**Available data**
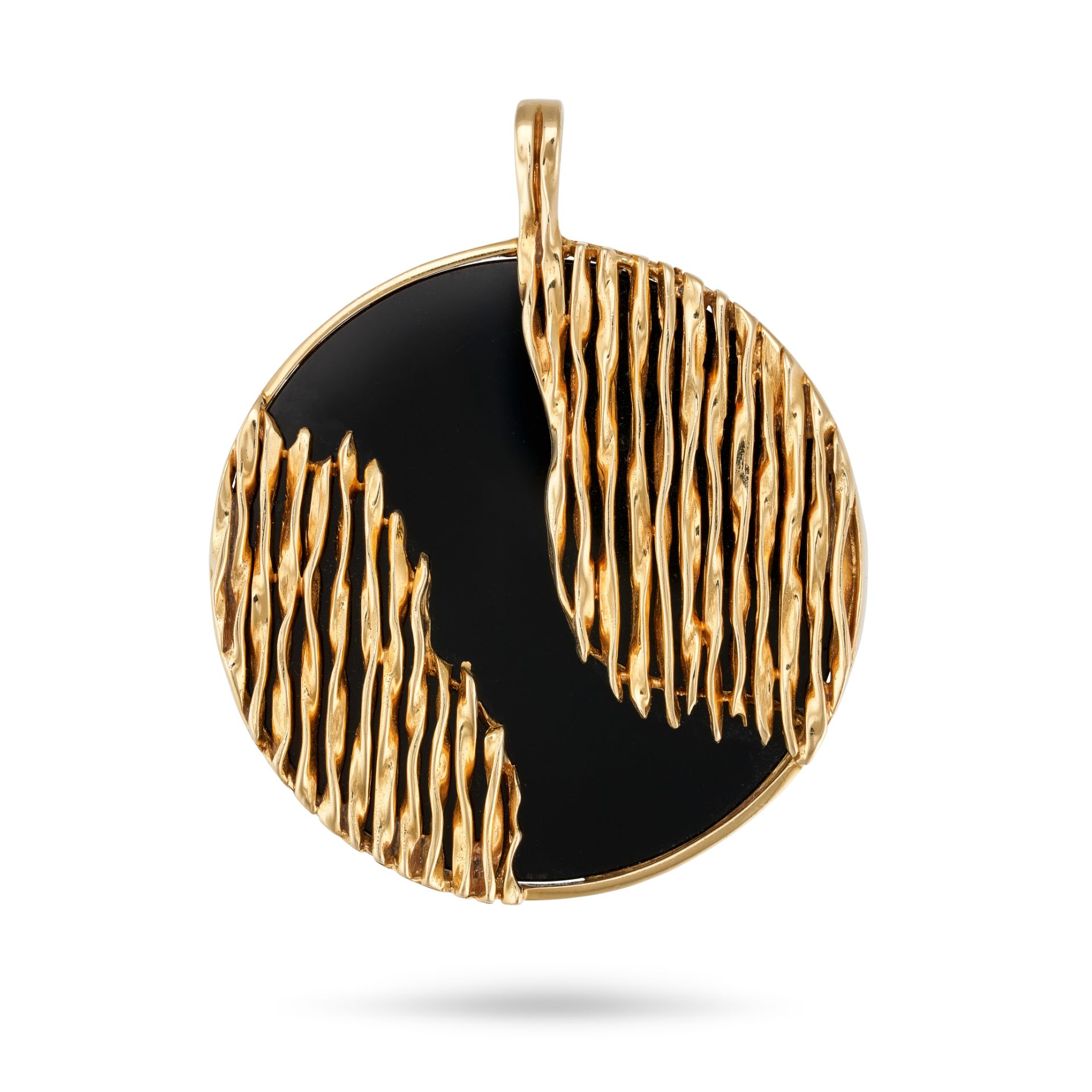 KUTCHINSKY, A MODERNIST ONYX PENDANT, 1975 in 18ct yellow gold, the circular pendant comprising a...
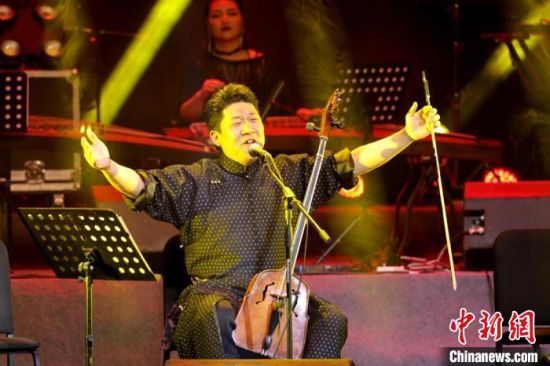 圖為樂隊(duì)主創(chuàng)巴依勒格。(資料圖) 受訪者供圖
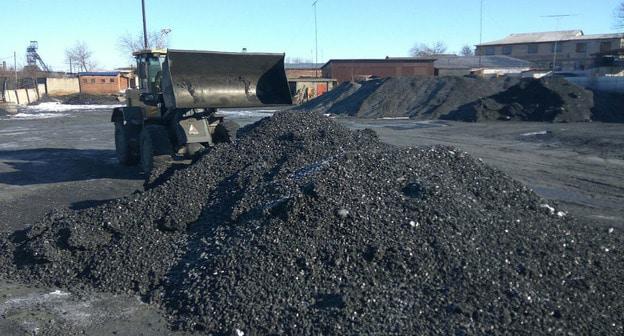 Семьи гуковских шахтеров получили уголь для отопления. Фото Вячеслава Прудникова для "Кавказского узла"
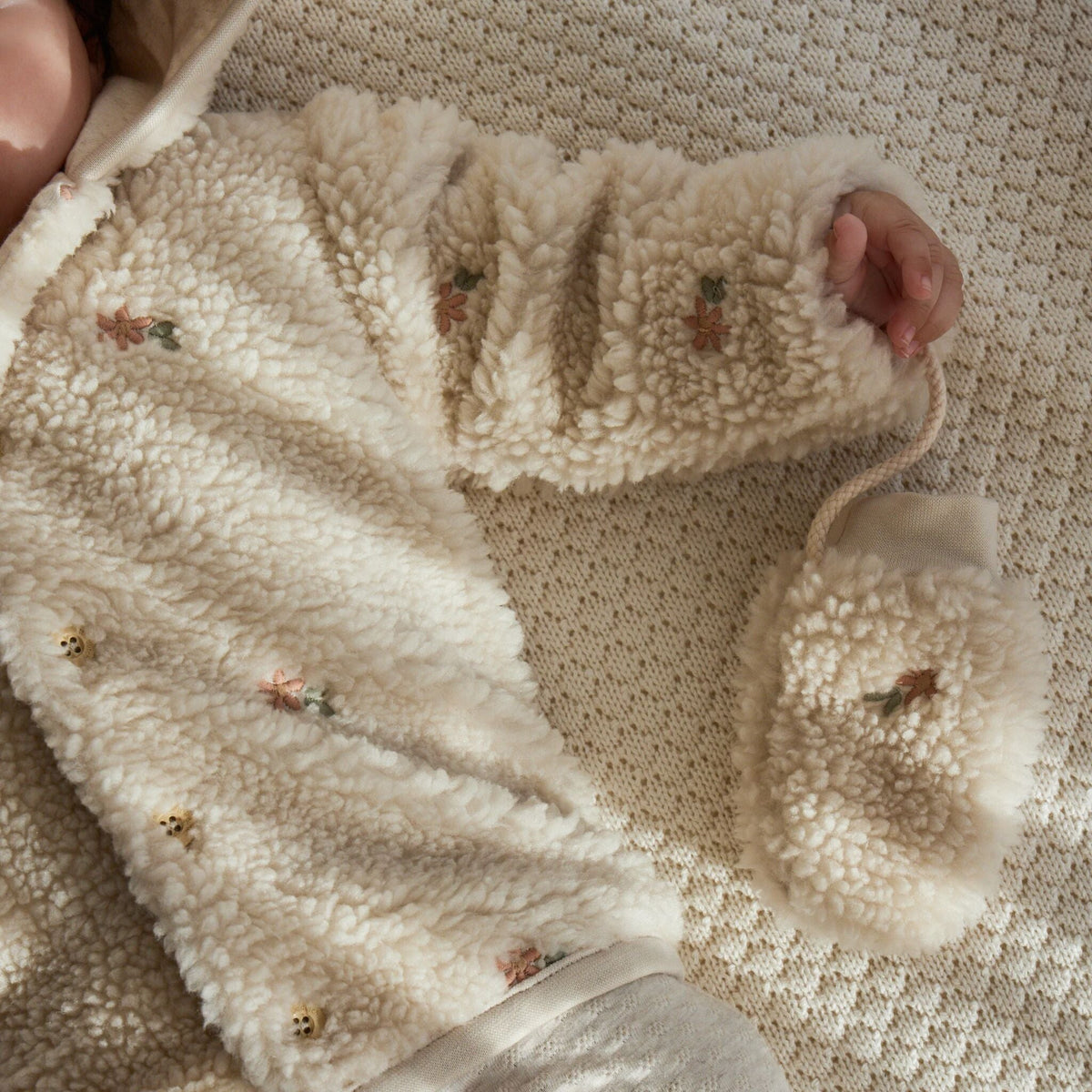 Giacca Teddy Sand Flower Little Dutch | Morbida e avvolgente per completare i look della stagione fredda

**What is expected**
These lines alone form the answer: the one containing "Семьи гуковских шахтеров" and every line after it through the end of the material, exactly as written, pictures left out.

**Solution to the problem**
 Семьи гуковских шахтеров получили уголь для отопления. Фото Вячеслава Прудникова для "Кавказского узла"
 Giacca Teddy Sand Flower Little Dutch | Morbida e avvolgente per completare i look della stagione fredda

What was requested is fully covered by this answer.